The Butterfly Effect
Updated: May 31
Today has very much been a day that was focussed on decisions…
If we want to offer the players more opportunities to strategize - should we expand the level map and make it more complex or should we stick to a simple map but expand on the realm of enemies or even add items? How much additional work could one or the other decision create for the other teammates? A seemingly “simple” decision like a more complex level map, for example, can easily snowball into more questions when it comes to enemy-pathfinding, the creation of an environment that looks reasonable instead of deserted and - most of all - the dreaded assassin of gameplay and level design - the CAMERA.
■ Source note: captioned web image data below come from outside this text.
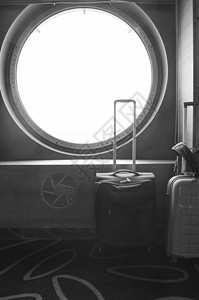 在船的圆形舷窗前旅行的两个手提箱 休闲或商务旅行的概念 垂直拍摄图片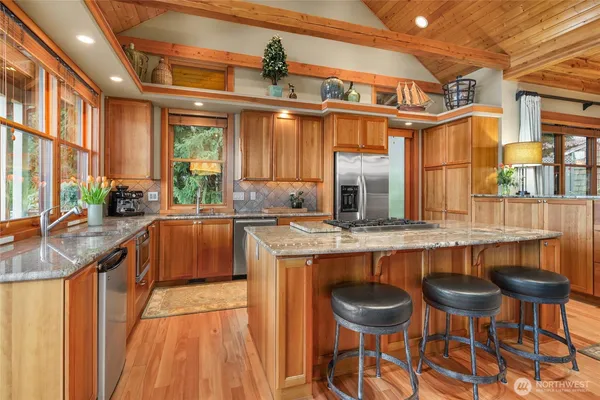a kitchen with stainless steel appliances granite countertop table chairs sink and cabinets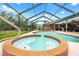 A luxurious pool and spa are enclosed in a screened lanai, perfect for relaxation and entertainment at 140 Cowpen Ln, Sarasota, FL 34240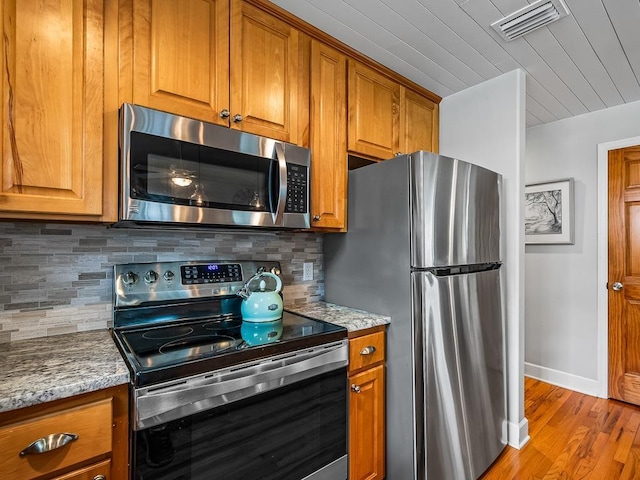 kitchen with decorative backsplash, light stone counters, light hardwood / wood-style flooring, and appliances with stainless steel finishes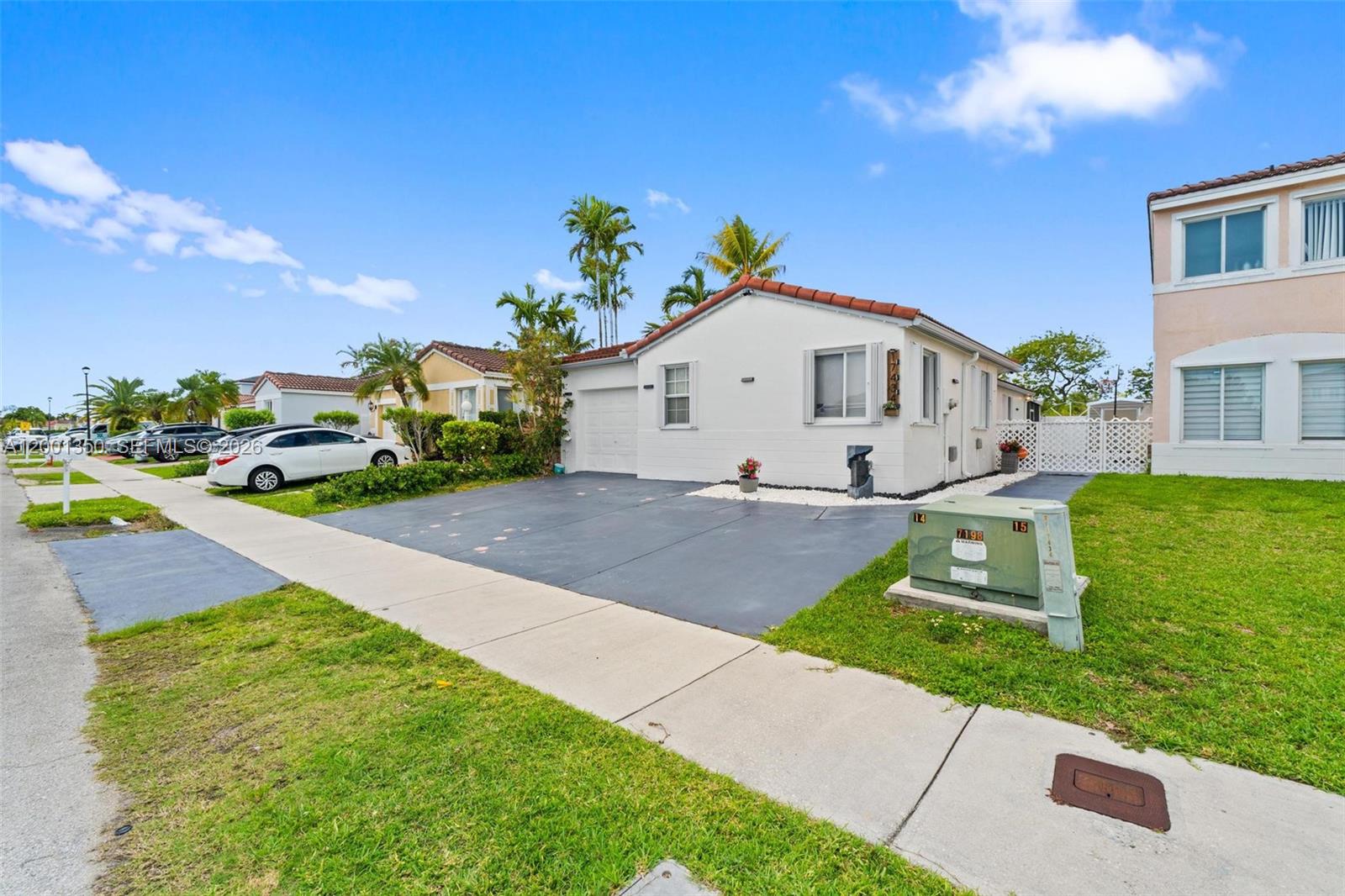 A white single-story house with a tiled roof and a paved driveway sits on a lawn — 17434 SW 143rd Pl, Miami FL 33177, MIAMI, FL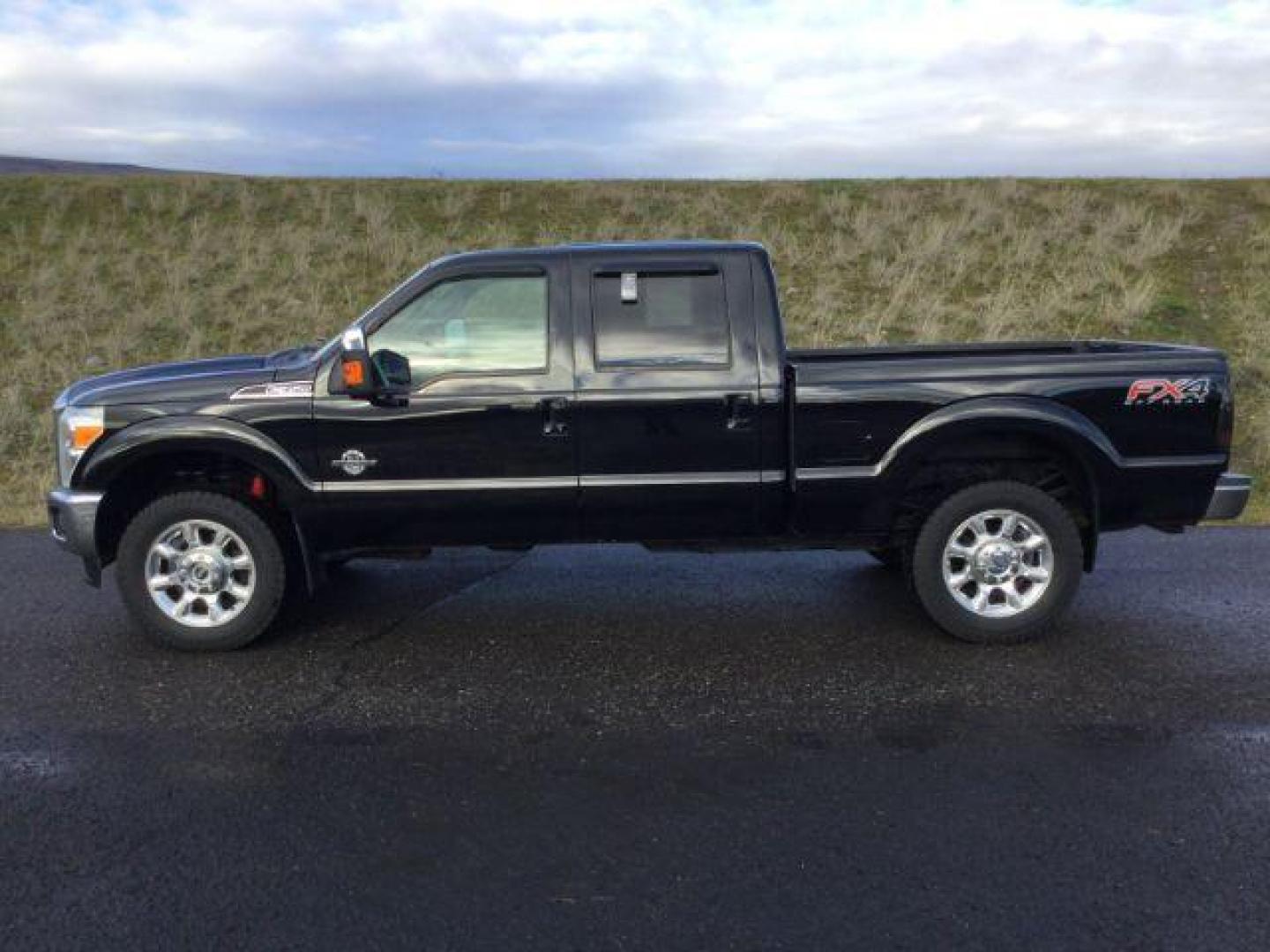 2016 BLACK Ford F-350 SD Lariat Crew Cab 4WD (1FT8W3BTXGE) with an 6.7L V8 OHV 16V DIESEL engine, 6-Speed Automatic transmission, located at 1801 Main Street, Lewiston, 83501, (208) 743-9371, 46.417065, -117.004799 - Photo#1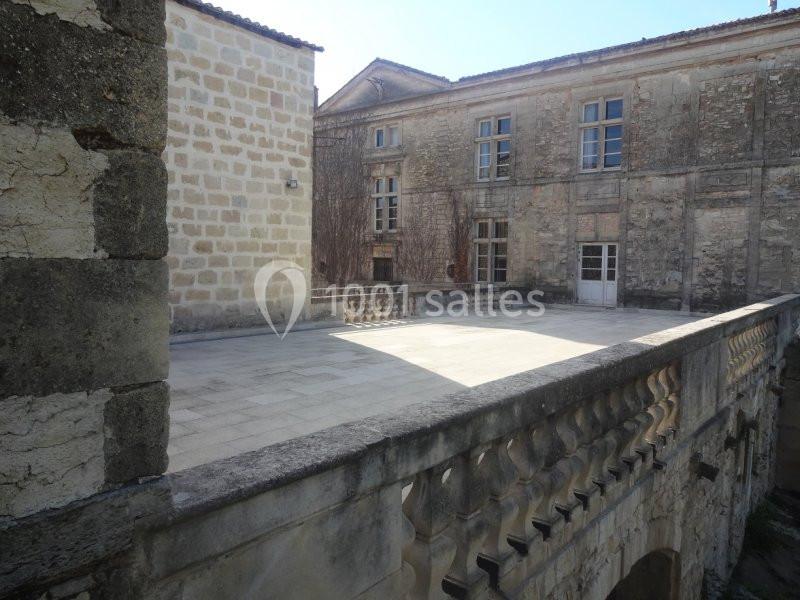 Cour pavée entourée de bâtiments anciens en pierre, avec balustrade en premier plan et ciel dégagé.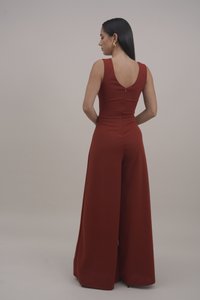 Rode mouwloze jumpsuit met een V-back ontwerp, wijde pijpen en een verborgen ritsdetail aan de achterkant. Soepele stoftextuur.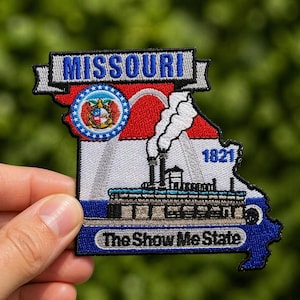 May include: Embroidered patch in the shape of Missouri, featuring the state's name, seal, and the text "The Show Me State." The patch includes a steamboat illustration and the year 1821, with a red, white, and blue color scheme.
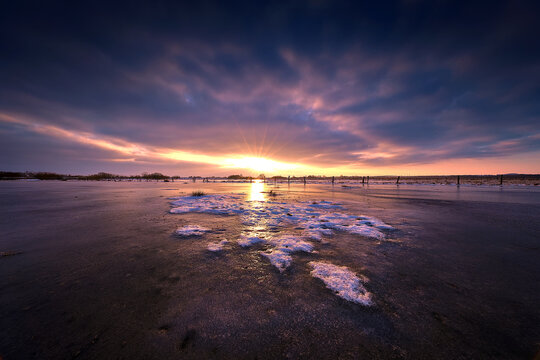 Golden Sunburst Over Frozen Winter Field with Dramatic Clouds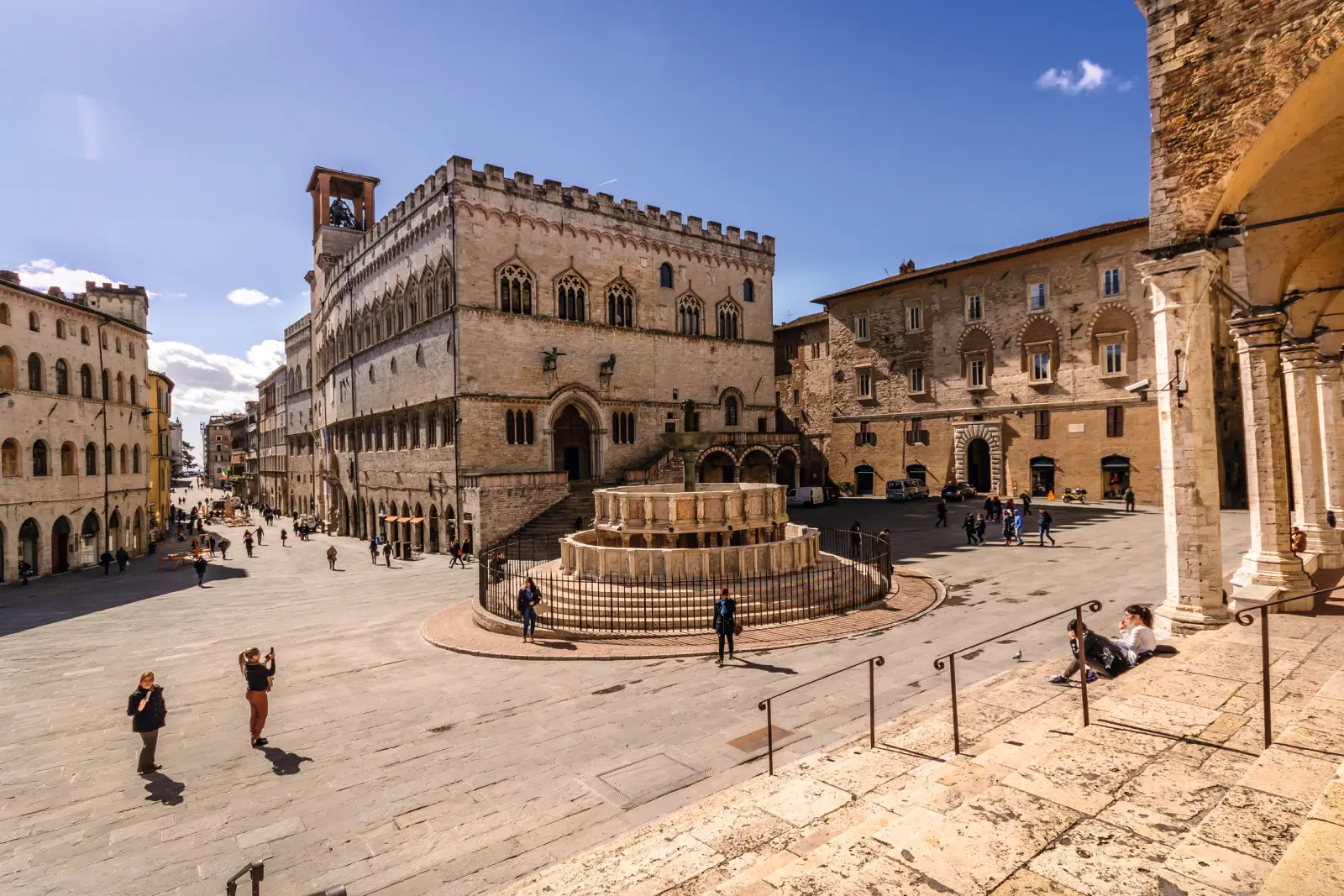 Piazza storica con fontana in una città soleggiata.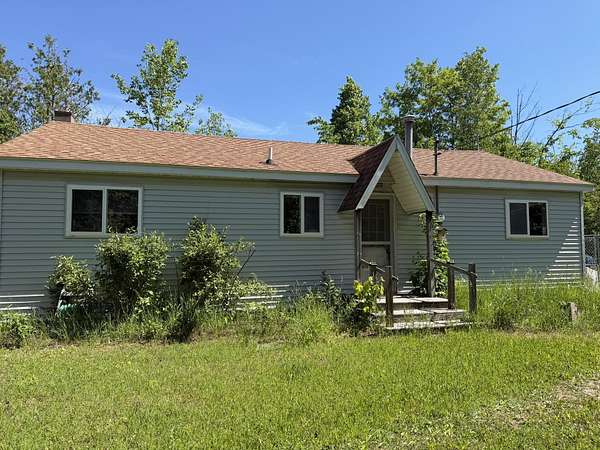124 Acres of Recreational Land with Home for Sale in Posen, Michigan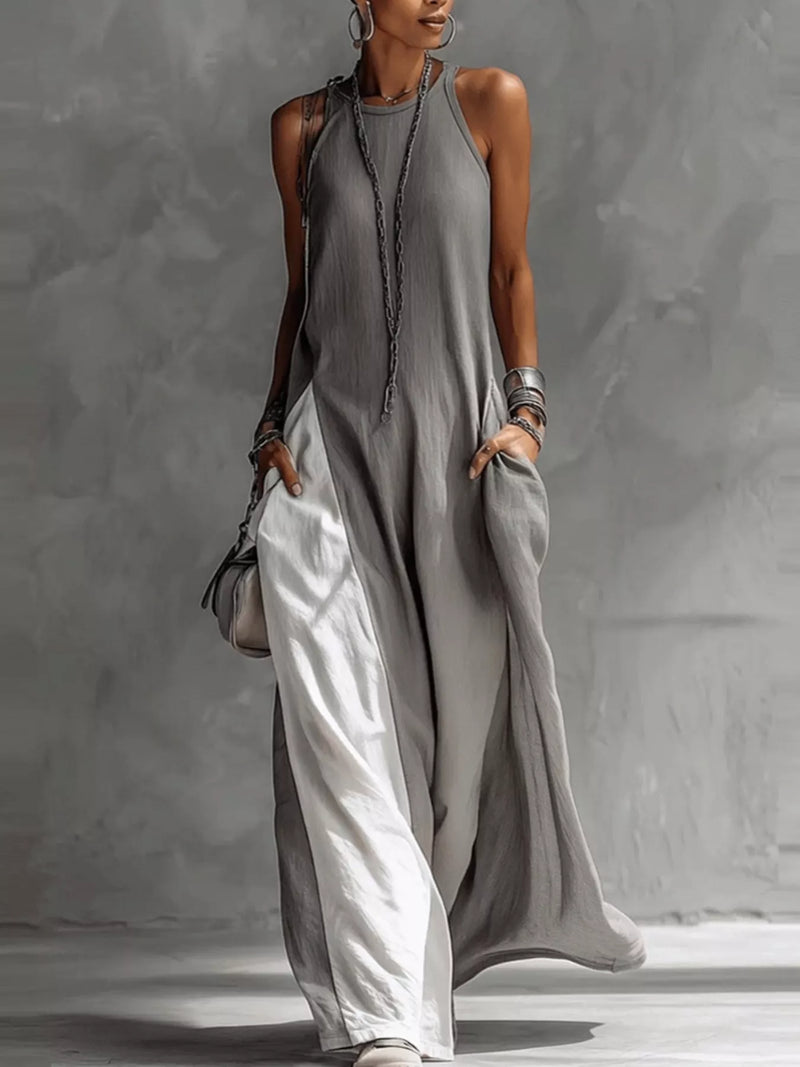 Woman wearing a long gray dress against a neutral background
In the end we decided to focus more on the realm of enemies and now we have introduced two more variants: a weak but fast Sprinter-type and a slow but strong and tanky Elite-type. But we also scrapped our initial level topography and recreated a new one that would work better with a fixed camera. The whole design process reminds me a bit of knitting, especially when it comes to changing aspects: you can try to pull on a specific thread but since everything is interwoven the rest of your knittwork will follow.
The second big decision of this day was concerned with priorities: we only have one single Programmer and even though he is fast and efficient he can only work on one task at a time. So should he concentrate on refining the pathfinding of the enemy AI or should he rather work on the creation of a wave system for our newly established enemy variants? Even better - what will we do if the two designers have opposing opinions of which task to prioritize? Personally, I found the establishment of waves more sensible because it would give the designers something to playtest and balance for the following days - so I voted for this one as the first task. My co-designer reminded me that we have to present our alpha-version on Monday so his preference was a fluid pathfinding for the enemies so it would look more polished in the presentation. In the end, he agreed on the wave mechanic, but I really hope he did it because he found my arguments convincing and not because he wanted to avoid a discussion.
I think what stayed with me the most when it comes to today is the impact and the consequences my decision as a designer can have for others. To be clear - it was something I already knew in theory, but seeing it play out in the project has made it so much more palpable for me. I hope I will grow in this area and learn how to make wise and well-informed decisions in the future.